NFL Concussion Protocol Violated… AgainJanuary 11, 2018
It has been pretty well-documented throughout this season that the league’s concussion protocol is a joke. It is a paper-thin front that the NFL puts on to limit the growing criticism of the game’s safety. The “protocol” dictates that if the unbiased medical staff suspects that a player might have suffered a concussion, that player must be evaluated in the locker room. As a fan watching the game on TV, even I am able to recognize that any kind of staggering or sluggishness after a blow to the head is reason enough to take that player off the field and evaluate him. But time and time again this season, the protocol is treated like a 65 mph speed limit on a highway. Great in theory, good intentions behind it, but very few people actually follow it. Matt Moore, Case Keenum, Jacoby Brissett, Russell Wilson, Tom Savage, and just recently Cam Newton all prove how teams are skirting around the rules to keep their guy in the game.
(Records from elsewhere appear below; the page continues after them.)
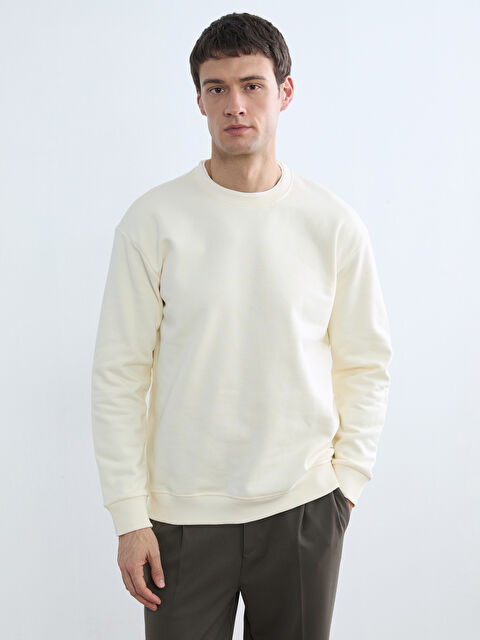 LCW Vision Bisiklet Yaka Erkek Kalın Sweatshirt - S6KF77Z8-YCM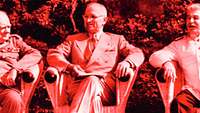 Churchill, Truman und Stalin sitzend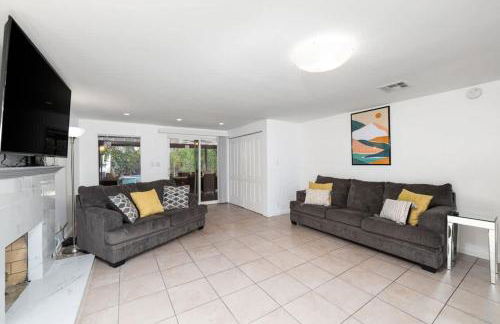 3BR 2BA Home in Palm Springs with Private Pool - Foto 10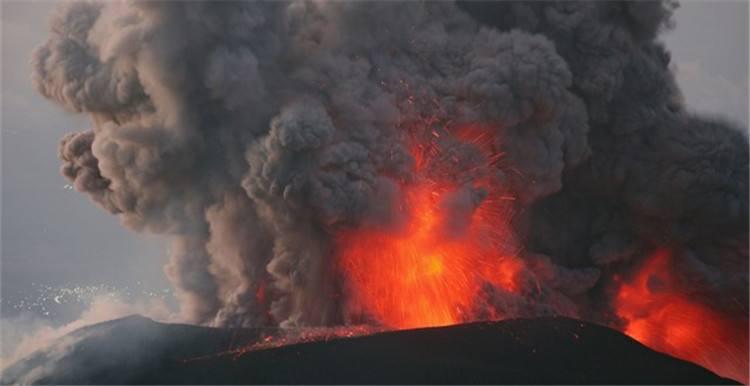 日本火山爆发最新情况2022日本会消失吗(日本火山爆发是真让吗)-第1张图片-万福百科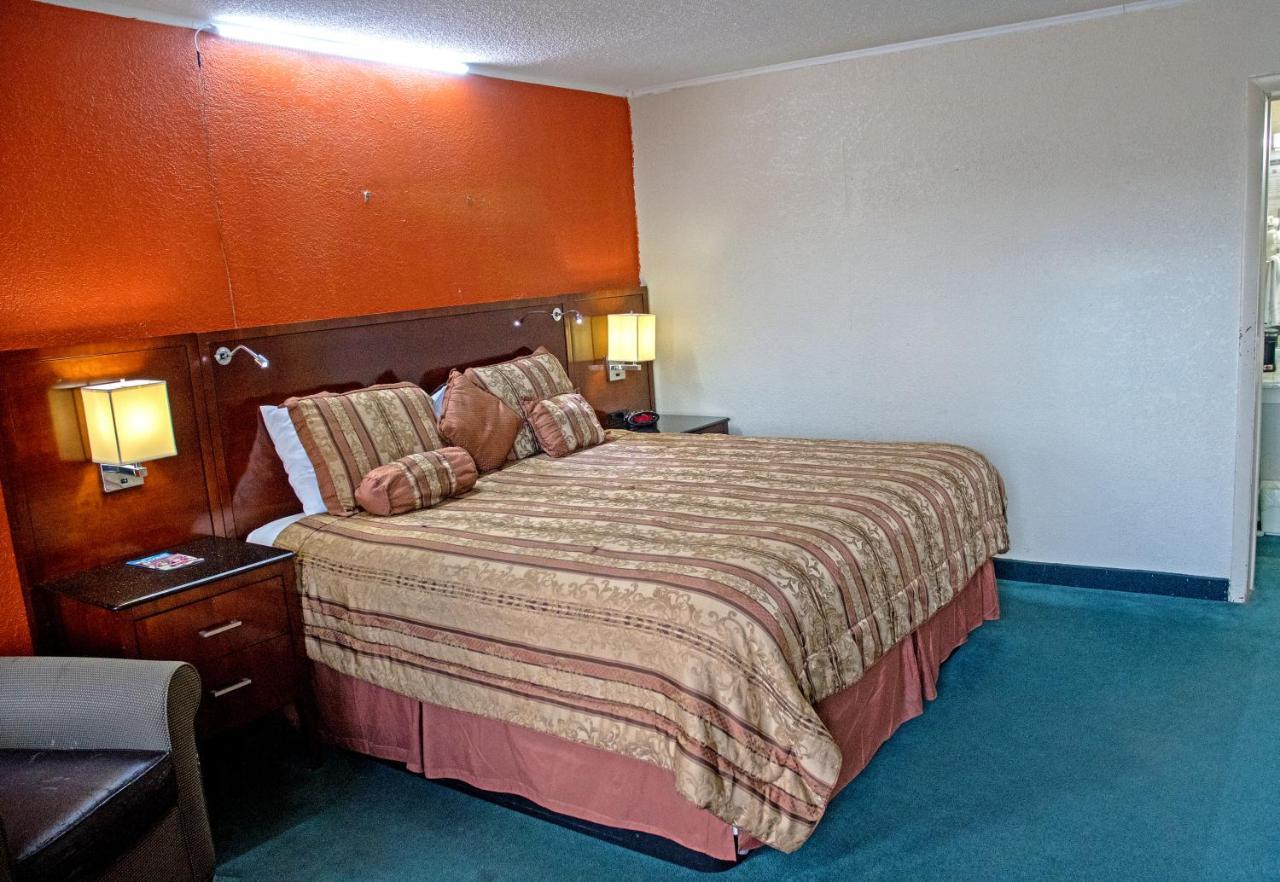 America'S Best Inn And Suites Emporia Eksteriør billede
In the Carolina game last weekend, I remember watching the hit on Newton and him falling woozily to the ground on his way off the field. Right there I said to myself, if he comes back in this game I’ll lose any respect I had left for the concussion protocol. Sure enough, Cam was back out there for the next drive without a trip to the locker room (just the “medical tent”, which happens to be right next to all the on-field action). Important playoff game, close score, the natural competitiveness of the athletes – it is a recipe for disaster in regards to following protocol. Unfortunately, I absolutely understand it. As a fan in that scenario, I want to see my quarterback coming back out there and giving my team the best chance to win. The NFL obviously wants the superstars to be on the field in a playoff game rather than following a “precautionary protocol”, although they would never publicly admit to that. The player usually wants to go back onto the field too – shake it off, be tough, sacrifice for your team. Medical consequences that don’t come into fruition until thirty or forty years down the road are secondary in importance. It is all understandable. Football is violent sport, but that is one of the reasons why it draws us fans in. We want to be entertained, and frankly that sometimes is more important to us than the player’s health. It is the NFL’s moral job, however, to make sure that the players are safe and not knowingly sending them back out onto the field into harm’s way.
My main issue is that the NFL is making this artificial idea that they care first and foremost about the players’ health. If that was the case, the concussion protocol would actually have weight to it. However, it is tossed around and disregarded repeatedly. If the NFL is going to have a standardized procedure for spotting and diagnosing head injuries, it should be followed the same way no matter how big the game is. That means that Cam Newton should have gone into the locker room to be evaluated in that Wild Card game versus the Saints. There should be major adjustments made this offseason in regards to the protocol. Whether it is harsher penalties or more power given to the medical staff, something should be done to legitimize this extremely important, potentially life-saving rule.